The research, led by Dr. Rolf de Groot of the University of Copenhagen and published in the journal PLOS ONE, demonstrates how the sun’s UV radiation can damage and kill cells of the skin.
It is hoped that the discovery will pave the way for more effective therapies for skin cancer.
“Ultraviolet light is a key factor that causes UV-associated skin cancer, and it is now well understood that ultraviolet light causes DNA damage in the skin,” said Dr. de Groote.
“Our study shows that UV light can damage DNA and can also be used as a potential therapy to eliminate mutations in the melanoma cells in mice.”
A mutation of the gene that controls the production of melanin in the hair follicles of mice is found to be a key driver of the development of melanoma.
This mutation is found in less than 10 percent of Caucasians.
The mutations in melanoma have also been found to increase in frequency in Asian populations, and they have also increased in frequency and extent in African populations.
In the past, ultraviolet light has been shown to destroy the melanin cells in hair follicle cells, but this has not been enough to completely eliminate the cancerous melanoma, and melanoma is still found in about 1 percent of Caucasian people.
Dr. De Groot and his team wanted to find a way to stop melanoma from becoming a more common form of skin cancer and to prevent melanoma mutations from occurring.
The researchers used ultraviolet light to attack the melanocytes of hair follicular cells, in this case melanoma melanoma microangioma.
They then injected the cells with a chemical known as a tumor necrosis factor, which mimics the effect of ultraviolet light, and then used the chemicals to remove melanoma cell DNA.
“In this study, we show that ultraviolet irradiation, through a combination of light, DNA, and the drug, can eliminate melanoma-derived DNA from hair follicicles and also eliminate mutations of the melanocortin-4 receptor gene in melanocontin-3 melanoma,” said De Groote, “and also prevent melanocondyloma from growing.”

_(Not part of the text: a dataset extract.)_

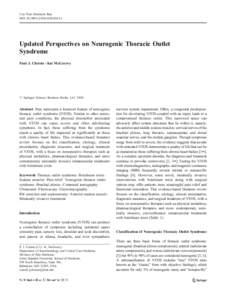 Curr Pain Headache Rep DOI[removed]s11916[removed]Updated Perspectives on Neurogenic Thoracic Outlet Syndrome Paul J. Christo & Kai McGreevy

The results are promising for future melanoma therapies that can eliminate mutations that can lead to the growth of melanomas, which have been identified as the most dangerous form of cancer in humans.
“The goal is to use the same UV light that is present in the sun to treat cancer, as a new and more effective therapy,” Dr. Pauline De Grootte, who is also a researcher in the research team, said.
Dr. De Greot and her colleagues are now planning to test this treatment on humans, and hope to be able to identify which mutations are the most lethal for melanoma patients.
“We are looking forward to seeing how long it will take for these treatments to be tested in human patients,” Dr De Groots team said in a press release.
“We hope to develop a more effective cancer treatment to reduce the number of melanocarene mutations that are present in melanomas.”